I would urge you, my friends, to read biographies of choice servants of God. I do not think it is a stretch to use Hebrews 6:12 in support of this appeal: imitate those who through faith and patience inherit the promises. My own love/hate relationship with biographies has been recorded in several entries in my private journal. Recently I read some of these entries and decided to share them here (with some editing) in the hope that God would impress upon your hearts the need to study the men and women who have gone on before us.
Entry 1 (Date)
My calloused and cold soul must be pricked many times in many ways before the sharp siphon finds life. And then it is hardly enough to maintain the faintest heartbeat for God. Why is it that my soul can only stand back at a distance from the great company of men that truly knew God? If I strain my eye I can see them far, far away, barely recognizable, but distinct as great men with great faith. How come they seem so foreign to me? They are so far beyond me and if I ever am able to get close enough to them through the medium of their biographies and writings to hear their beating hearts my suddenly enlarged soul shrinks back in shame. I feel like I am trampling in the courts of God. I defile the holy place by audaciously allowing a sense of affinity. I cannot bear to stand in the arena of my study with this great cloud of witnesses looking down on me from my shelves. I plead grace as my excuse. Grace is why I am here.
Mr. Spurgeon, Mr. Carey, Mr. Brainerd, Mr. Edwards, Mr. Bonar, Mr. Rainesford, Mr. McCheyne, Mr. Martyn: I would beg your forgiveness for vicariously entering into a spiritual hunger and thirst after righteousness by pondering your words and your lives. But once in the thrall of hunger and thirst for righteousness, once with the glorious fullness of God, once broken in my appeal for communion, you fade. I am no longer aware of you. I thought I was hanging on to your coattails. I wasn’t. I was groping for your God. The Common Denominator among you mediates between me and your God – the man Christ Jesus. And, like the poor woman in the press of the crowd, I have stretched myself out as much as I can to touch the fringe of His robe knowing that a touch, and only a touch, will fill my soul. Sirs, I am not hanging on to your coattails. I am hanging on to your Lord. I shall never have the great influence that you have had. I mourn the lack of education that you have had. I lack the spiritual and mental prowess that each of you possessed. But I can love Jesus as you did. I can bow my knees as you did. For the thing that you and I have in common is the only thing that makes all the difference: the grace and peace of our Lord Jesus Christ.
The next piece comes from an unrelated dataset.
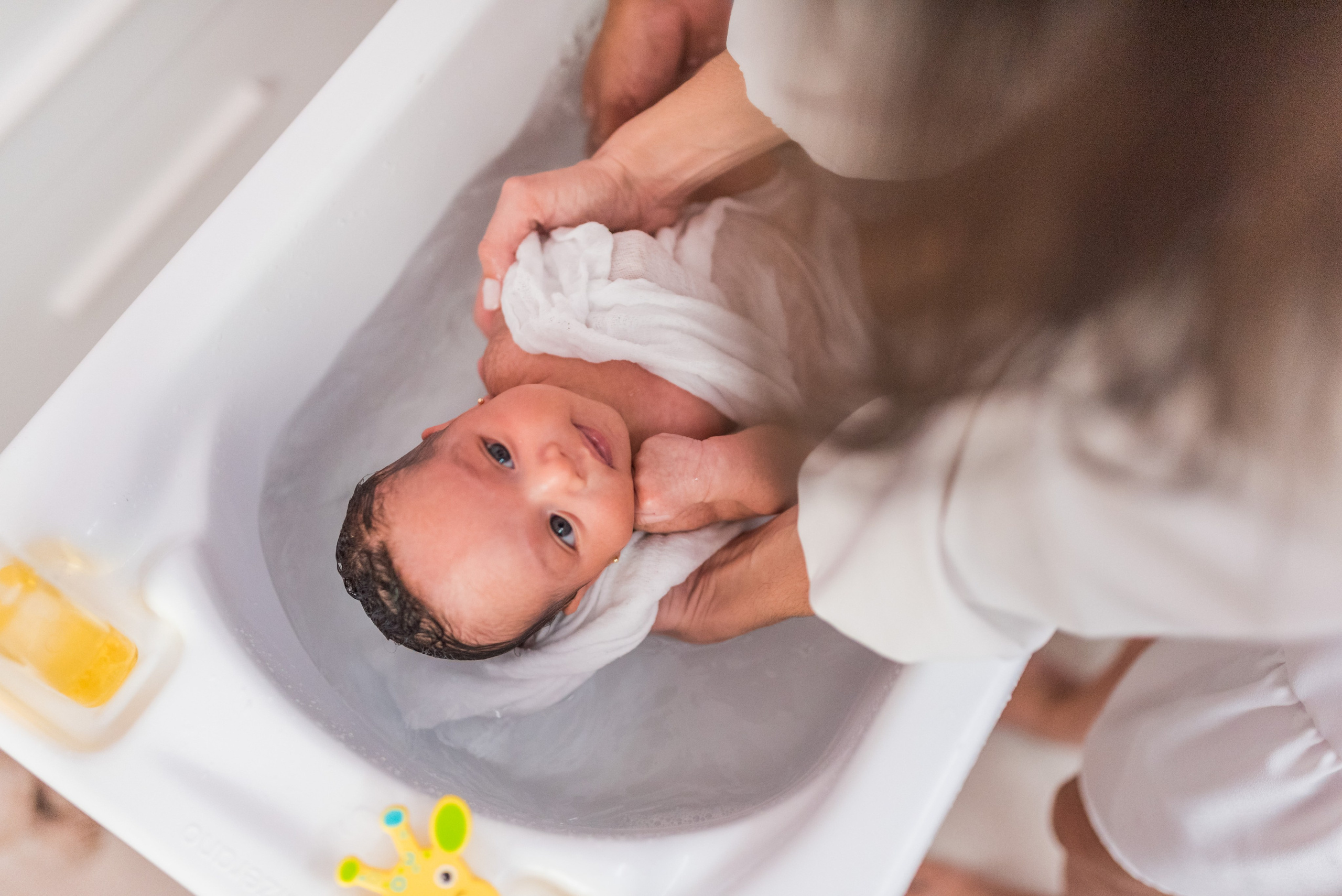 Newborn Lifestyle em Juiz de Fora | Auê Fotografia |  Juiz de Fora e Belo Horizonte. Auê Fotografia Infantil e de Família em Juiz de Fora | Myriani Maganin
Today I read Murray’s Spurgeon v. the Hyper-Calvinists and from The Life and Diary of David Brainerd.
Entry 2 (date)
I cannot endure David Brainerd’s journals. I have read it in the past, but now I read with different eyes. Before I read academically and it inspired me. Now, I am reading as a man completing the ___ year of his life with mournful frustration. Not because I cannot emulate him (which I am sure I cannot), but that I do not even want to emulate him. I am not ready to violate his memory by bringing his holy words to my mind. Actually, my revulsion is not even that noble. David Brainerd was a fanatic. And I am too in love with the world to follow him. I am addicted to the pleasures of this world, and I don’t really want to be free of them to the extent that I lose it all for Christ. Reading Brainerd is an irritation, an unkind reminder of an alternative lifestyle, the light of which sends my soul scurrying to its dark dingy hole – the place I call my Christianity.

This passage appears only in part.